Problem details:
Images are to be excluded from the copy, and the records below reproduced word for word.

Image-caption web data:
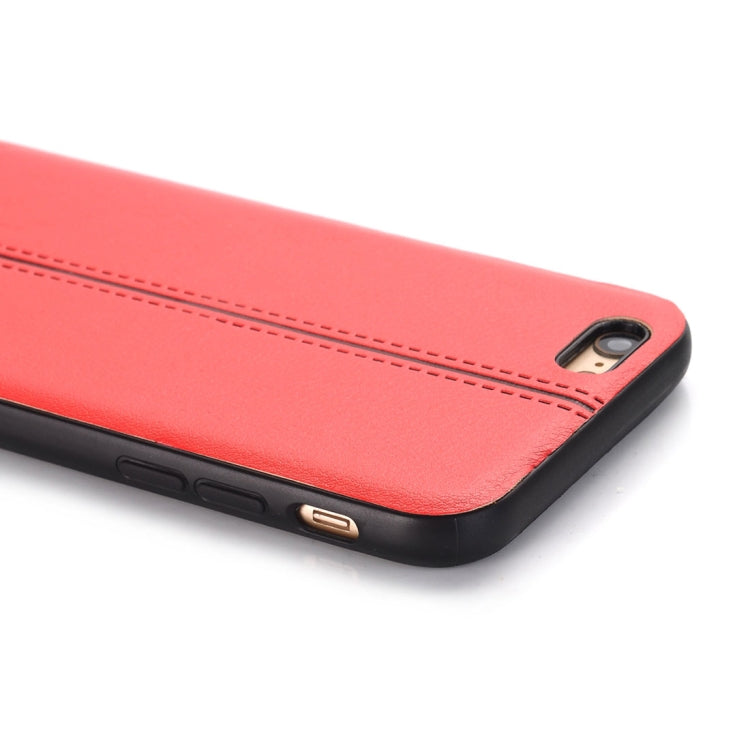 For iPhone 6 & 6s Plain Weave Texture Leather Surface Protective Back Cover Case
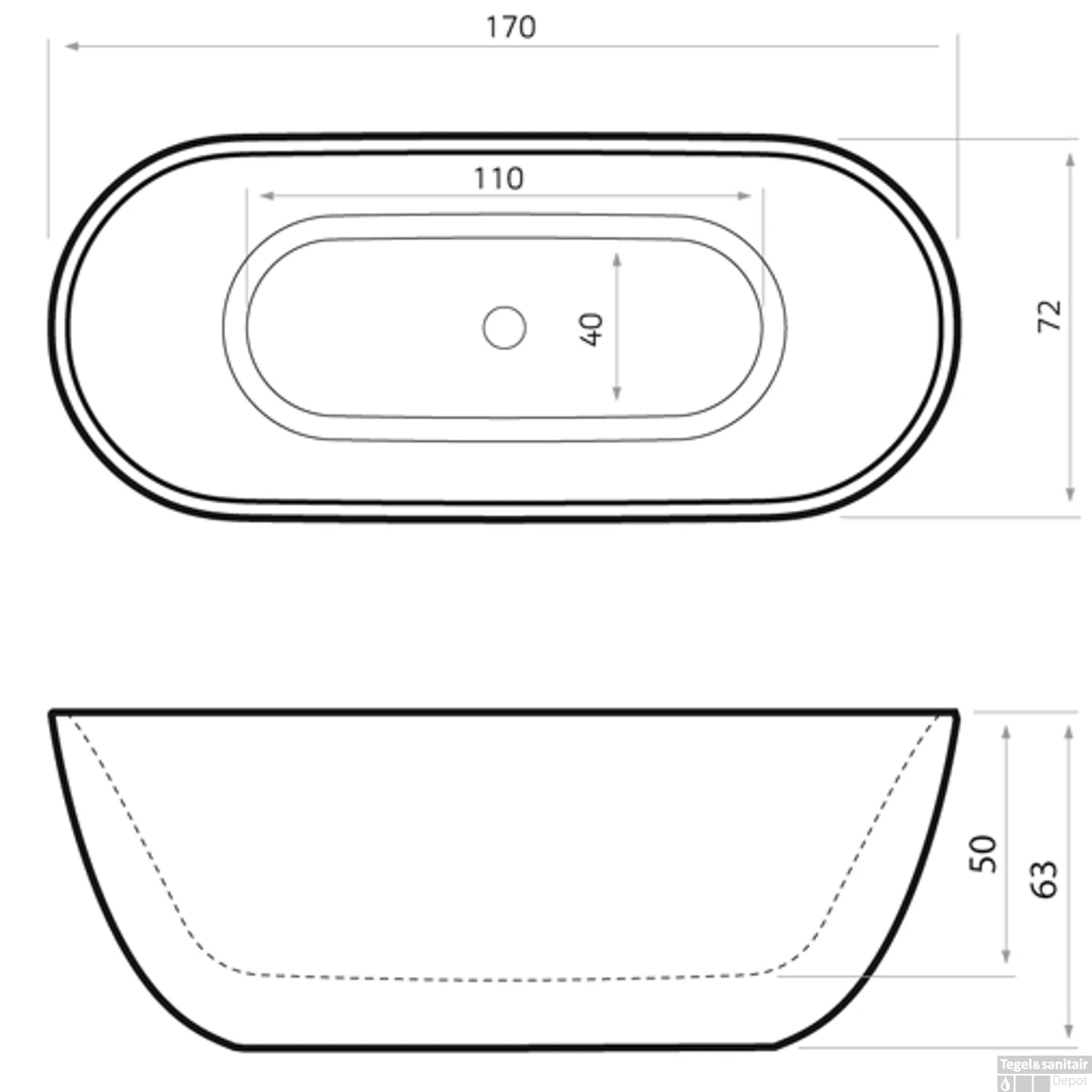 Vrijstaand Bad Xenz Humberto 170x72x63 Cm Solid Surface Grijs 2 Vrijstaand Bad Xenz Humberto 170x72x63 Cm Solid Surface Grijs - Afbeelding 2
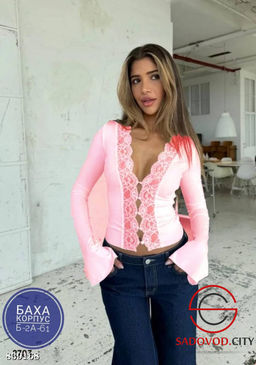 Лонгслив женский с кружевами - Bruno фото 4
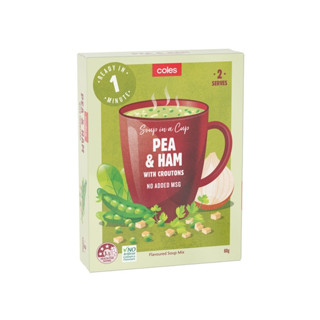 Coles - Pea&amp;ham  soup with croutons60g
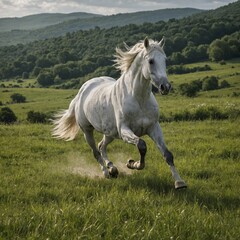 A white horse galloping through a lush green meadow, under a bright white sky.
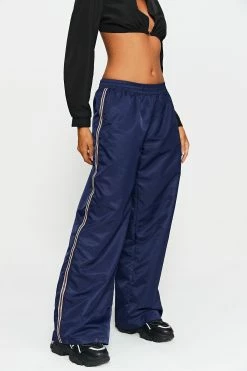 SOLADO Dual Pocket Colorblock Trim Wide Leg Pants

Reply:
 For iPhone 6 & 6s Plain Weave Texture Leather Surface Protective Back Cover Case
 Vrijstaand Bad Xenz Humberto 170x72x63 Cm Solid Surface Grijs 2 Vrijstaand Bad Xenz Humberto 170x72x63 Cm Solid Surface Grijs - Afbeelding 2
 Лонгслив женский с кружевами - Bruno фото 4
 Coles - Pea&amp;ham  soup with croutons60g
 A white horse galloping through a lush green meadow, under a bright white sky.
 SOLADO Dual Pocket Colorblock Trim Wide Leg Pants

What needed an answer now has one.